**Activity**. Images are to be excluded, and the rest of the data repeated exactly.

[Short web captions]
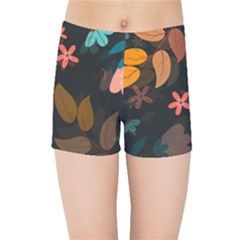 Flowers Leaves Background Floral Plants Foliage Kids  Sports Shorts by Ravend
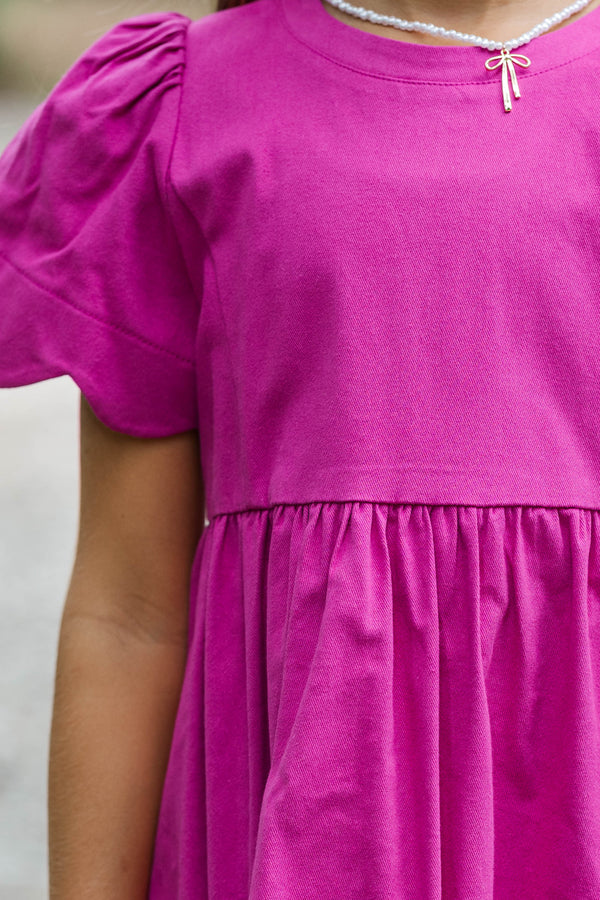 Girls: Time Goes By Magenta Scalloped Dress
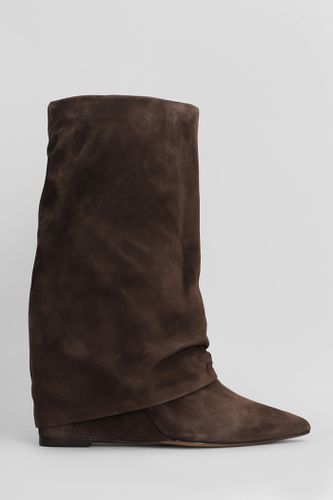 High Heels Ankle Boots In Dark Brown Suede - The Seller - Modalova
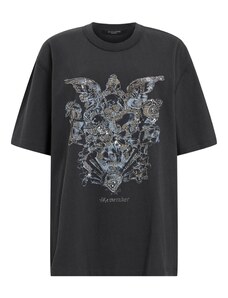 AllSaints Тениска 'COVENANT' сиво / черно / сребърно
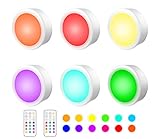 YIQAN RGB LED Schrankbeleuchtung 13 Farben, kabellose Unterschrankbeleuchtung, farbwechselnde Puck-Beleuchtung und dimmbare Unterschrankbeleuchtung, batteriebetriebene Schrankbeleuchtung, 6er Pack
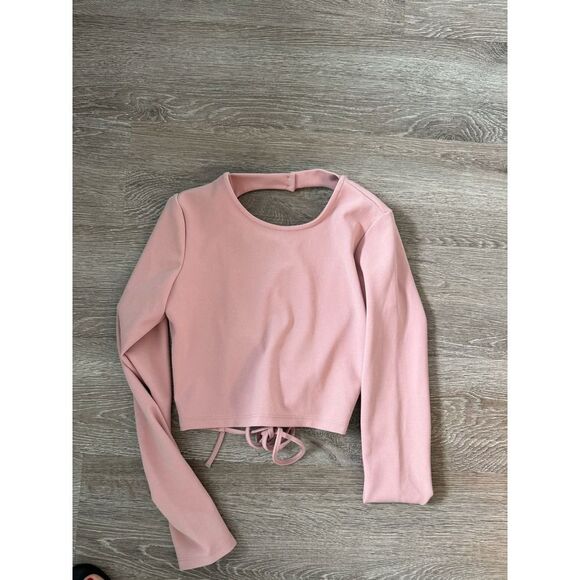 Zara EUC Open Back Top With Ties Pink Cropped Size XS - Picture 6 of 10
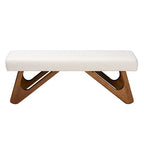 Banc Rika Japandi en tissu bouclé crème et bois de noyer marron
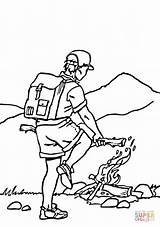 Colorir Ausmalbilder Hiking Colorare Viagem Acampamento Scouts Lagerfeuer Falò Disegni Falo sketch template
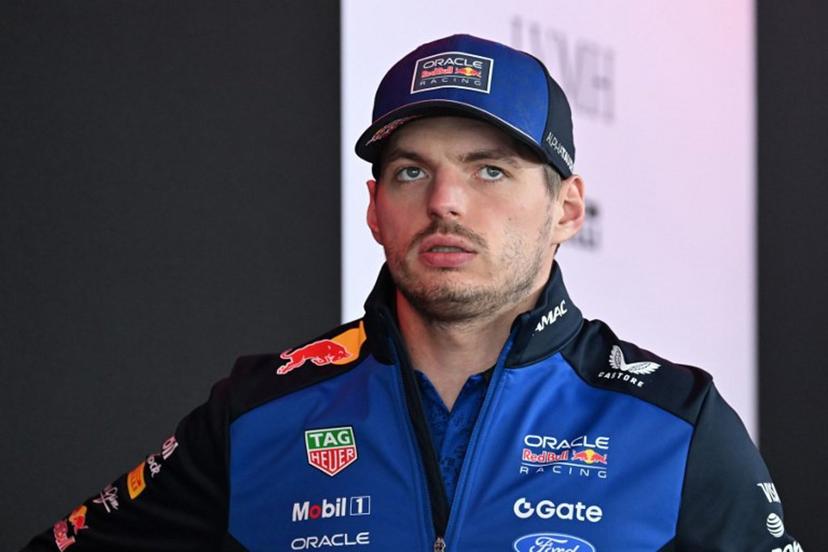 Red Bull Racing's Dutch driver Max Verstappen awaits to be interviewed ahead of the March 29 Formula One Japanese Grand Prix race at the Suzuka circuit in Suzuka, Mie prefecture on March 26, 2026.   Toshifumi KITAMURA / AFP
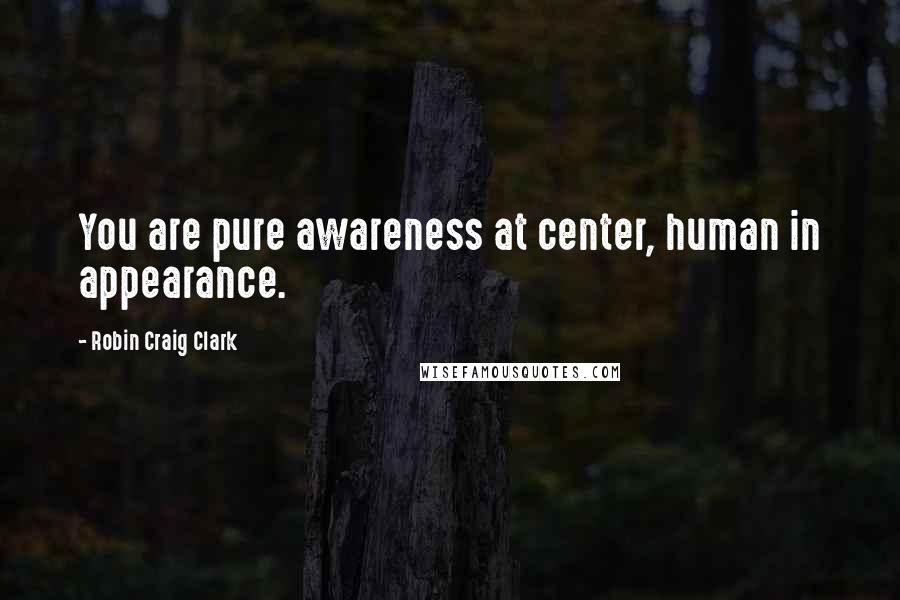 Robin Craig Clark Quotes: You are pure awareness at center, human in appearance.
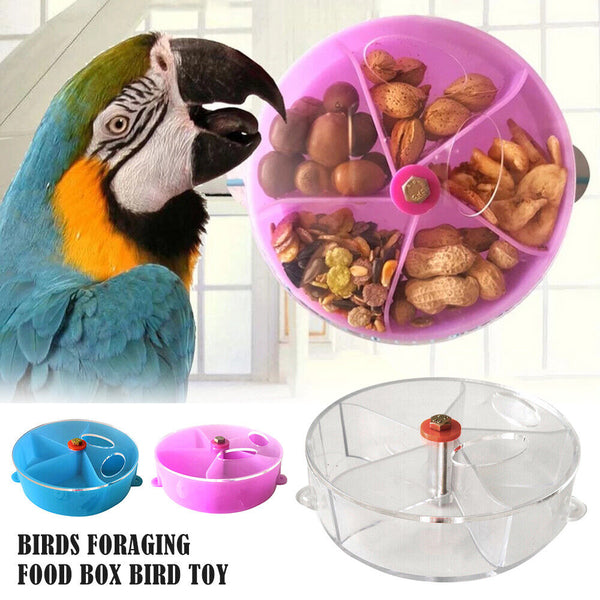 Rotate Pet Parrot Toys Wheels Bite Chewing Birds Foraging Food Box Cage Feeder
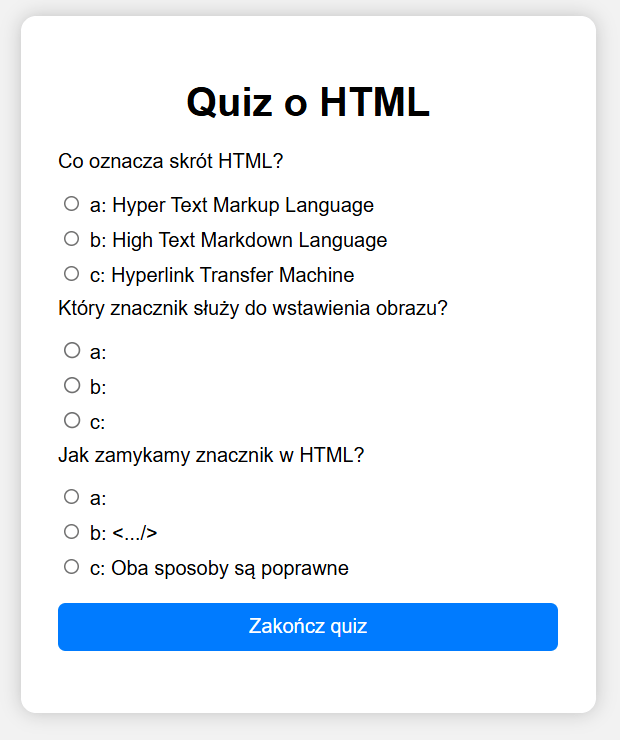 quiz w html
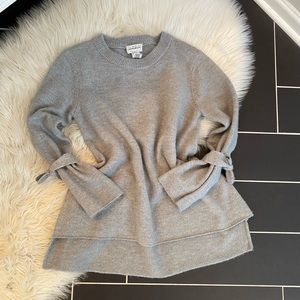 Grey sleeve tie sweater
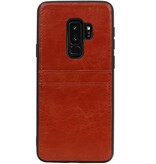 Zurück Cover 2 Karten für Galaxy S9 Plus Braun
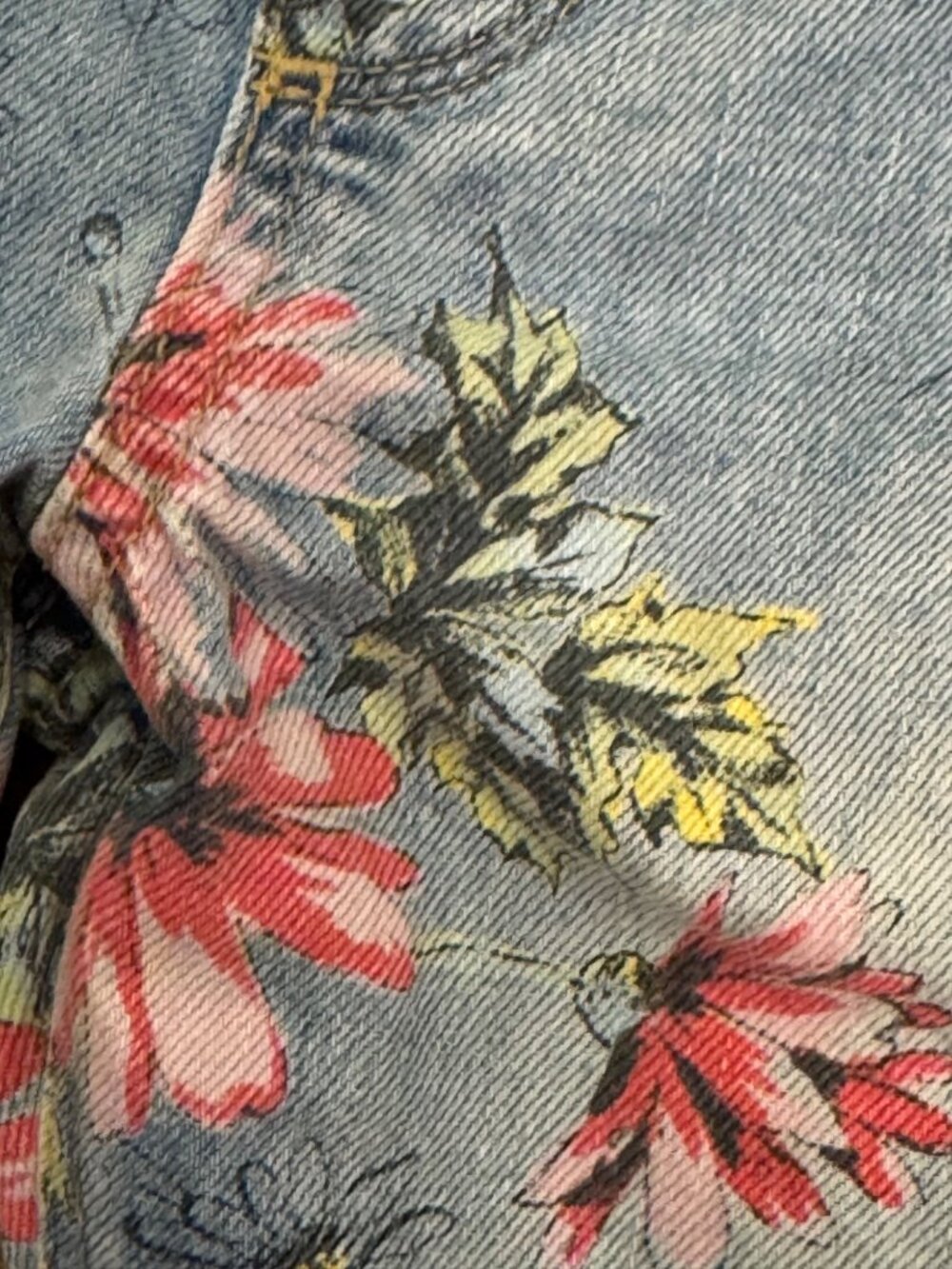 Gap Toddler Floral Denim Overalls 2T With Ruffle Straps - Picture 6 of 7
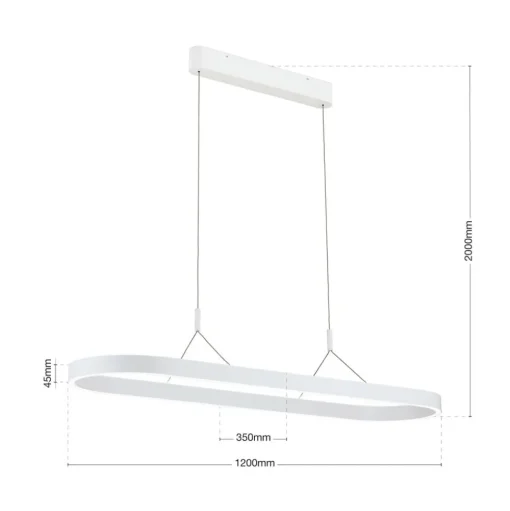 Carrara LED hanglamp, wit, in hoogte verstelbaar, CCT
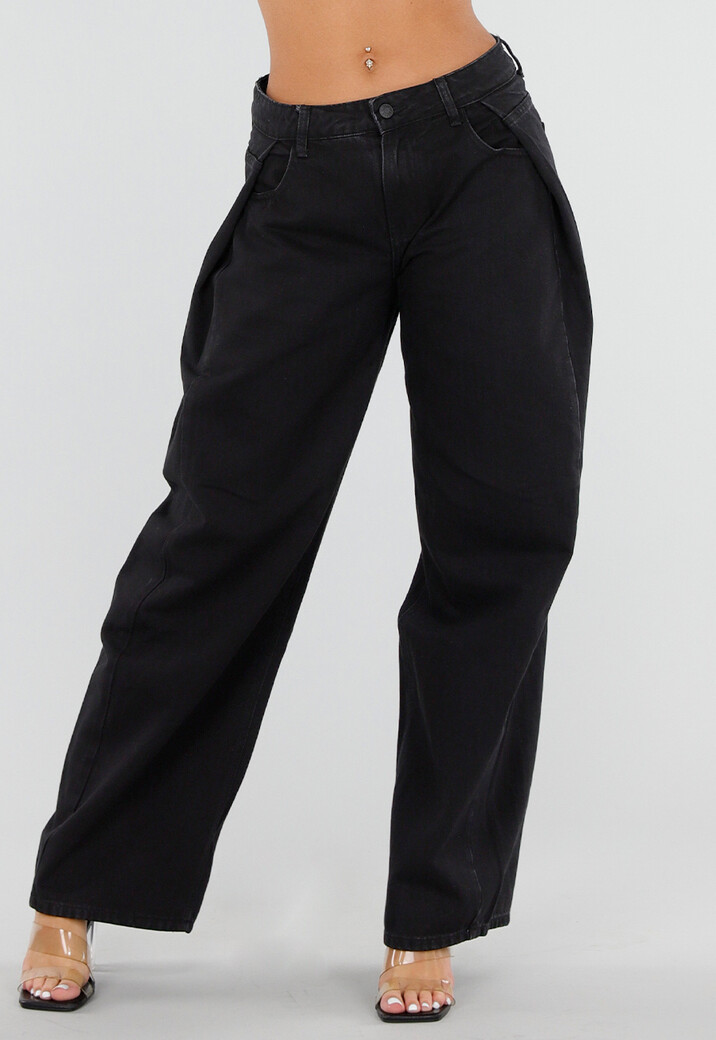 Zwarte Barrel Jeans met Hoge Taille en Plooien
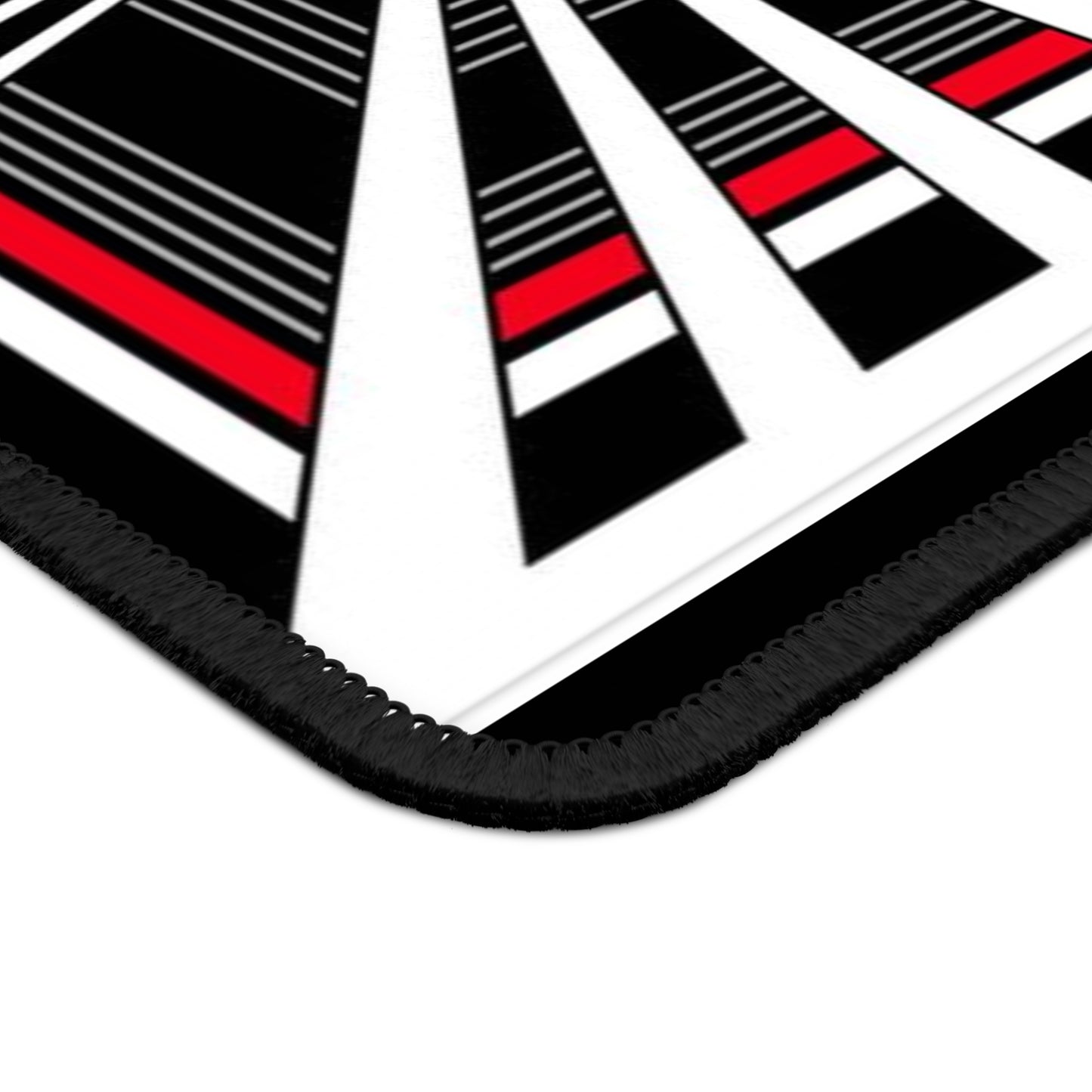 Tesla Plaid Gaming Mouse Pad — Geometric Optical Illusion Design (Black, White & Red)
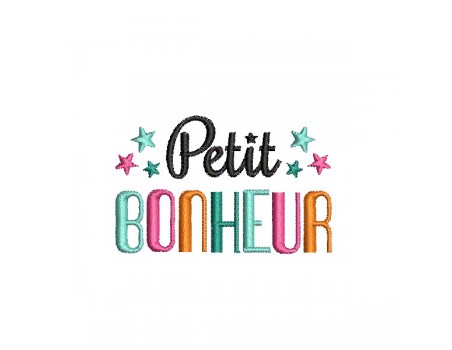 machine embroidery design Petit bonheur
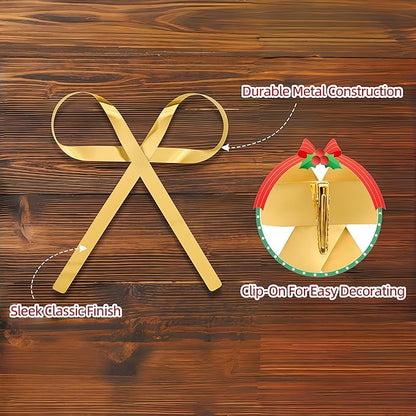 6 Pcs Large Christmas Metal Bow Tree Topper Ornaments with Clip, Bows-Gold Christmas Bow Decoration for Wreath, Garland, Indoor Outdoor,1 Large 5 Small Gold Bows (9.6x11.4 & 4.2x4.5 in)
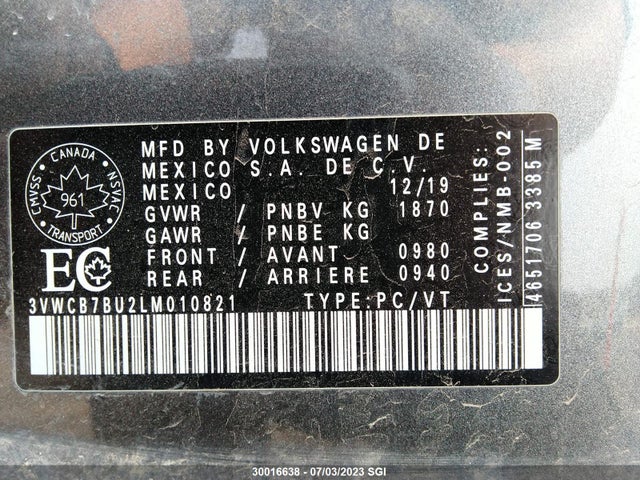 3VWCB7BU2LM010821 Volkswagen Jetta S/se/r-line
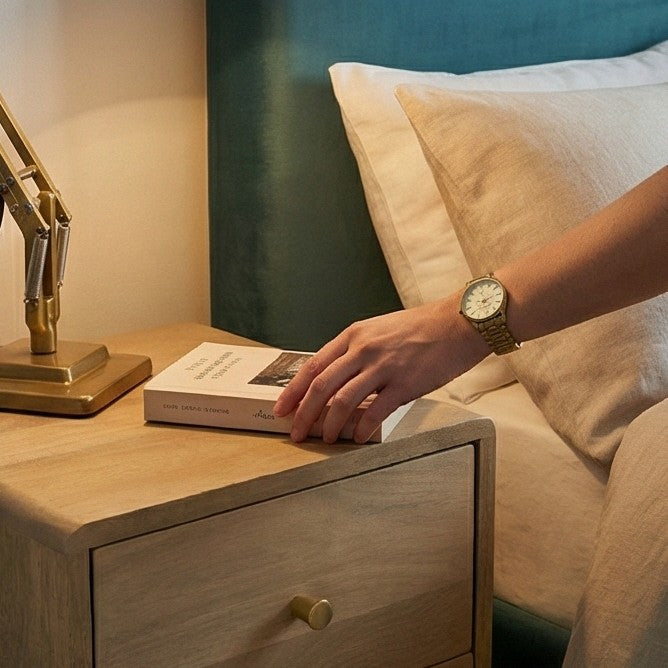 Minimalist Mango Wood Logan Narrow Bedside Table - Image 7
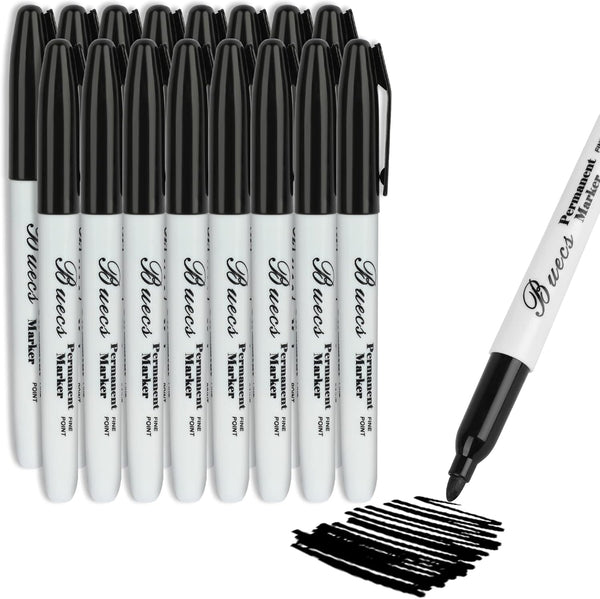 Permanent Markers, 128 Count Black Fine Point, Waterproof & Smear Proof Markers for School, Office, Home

**Output of the task**.
 Flowers Leaves Background Floral Plants Foliage Kids  Sports Shorts by Ravend
 Girls: Time Goes By Magenta Scalloped Dress
 High Heels Ankle Boots In Dark Brown Suede - The Seller - Modalova
 AllSaints Тениска 'COVENANT' сиво / черно / сребърно
 YIQAN RGB LED Schrankbeleuchtung 13 Farben, kabellose Unterschrankbeleuchtung, farbwechselnde Puck-Beleuchtung und dimmbare Unterschrankbeleuchtung, batteriebetriebene Schrankbeleuchtung, 6er Pack
 Zara EUC Open Back Top With Ties Pink Cropped Size XS - Picture 6 of 10
 Banc Rika Japandi en tissu bouclé crème et bois de noyer marron
 Colorir Ausmalbilder Hiking Colorare Viagem Acampamento Scouts Lagerfeuer Falò Disegni Falo sketch template
 Red Bull Racing's Dutch driver Max Verstappen awaits to be interviewed ahead of the March 29 Formula One Japanese Grand Prix race at the Suzuka circuit in Suzuka, Mie prefecture on March 26, 2026.   Toshifumi KITAMURA / AFP
 Robin Craig Clark Quotes: You are pure awareness at center, human in appearance.
 Rotate Pet Parrot Toys Wheels Bite Chewing Birds Foraging Food Box Cage Feeder
 quiz w html
 Grey sleeve tie sweater
 Zurück Cover 2 Karten für Galaxy S9 Plus Braun
 Gap Toddler Floral Denim Overalls 2T With Ruffle Straps - Picture 6 of 7
 Carrara LED hanglamp, wit, in hoogte verstelbaar, CCT
 Zwarte Barrel Jeans met Hoge Taille en Plooien
 Tesla Plaid Gaming Mouse Pad — Geometric Optical Illusion Design (Black, White & Red)
 machine embroidery design Petit bonheur
 6 Pcs Large Christmas Metal Bow Tree Topper Ornaments with Clip, Bows-Gold Christmas Bow Decoration for Wreath, Garland, Indoor Outdoor,1 Large 5 Small Gold Bows (9.6x11.4 & 4.2x4.5 in)
 3VWCB7BU2LM010821 Volkswagen Jetta S/se/r-line
 Minimalist Mango Wood Logan Narrow Bedside Table - Image 7
 Permanent Markers, 128 Count Black Fine Point, Waterproof & Smear Proof Markers for School, Office, Home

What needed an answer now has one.